O ano de 2024 (e o início de 2025) ficará marcado na história do Cuiabá Esporte Clube não apenas pelo desempenho dentro das quatro linhas, mas pela postura incendiária de seu principal dirigente, Cristiano Dresch. Conhecido por uma gestão administrativa austera, o presidente do Dourado viu sua imagem ser associada a uma série de declarações polêmicas que, para muitos críticos, expõem um desgaste profundo na relação entre a diretoria, o elenco e a arbitragem.
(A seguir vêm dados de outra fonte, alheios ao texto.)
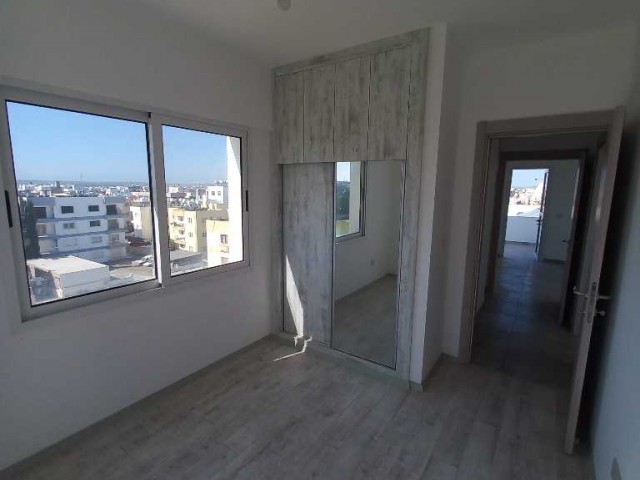 GÖNYELİDE MERKEZI KONUMDA GENİŞ TERASLI 2+1 PENTHOUSE DAİRE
Do “Pacu-Peva” ao “Camarão”
Uma das metáforas que mais repercutiram nos bastidores do futebol mato-grossense foi o desabafo de Dresch sobre o nível técnico da equipe. Ao tentar blindar o treinador de críticas externas, o dirigente utilizou uma comparação gastronômica curiosa: afirmou que não poderia cobrar um prato de “camarão com alho e óleo” se o que ele tinha disponível para oferecer era um “Pacu-Peva” (um peixe popular da região, mas de menor valor comercial e gastronômico que as espécies nobres).
Embora a intenção fosse tirar o peso das costas da comissão técnica, a declaração soou como um desdém aos próprios atletas. No vestiário, o uso do termo “Pacu-Peva” foi interpretado como uma desvalorização pública do elenco, criando um clima de instabilidade que se refletiu nos resultados em campo.
Conflitos Verbais e Áudios Vazados
A crise de identidade do clube sob o comando de Dresch também foi alimentada por episódios de agressividade verbal. Termos pesados como “vagabundo” e “merda” teriam sido dirigidos a jogadores e ex-funcionários, muitas vezes em áudios que acabaram vazando para a imprensa ou sendo relatados por pessoas próximas ao cotidiano do CT da Guia.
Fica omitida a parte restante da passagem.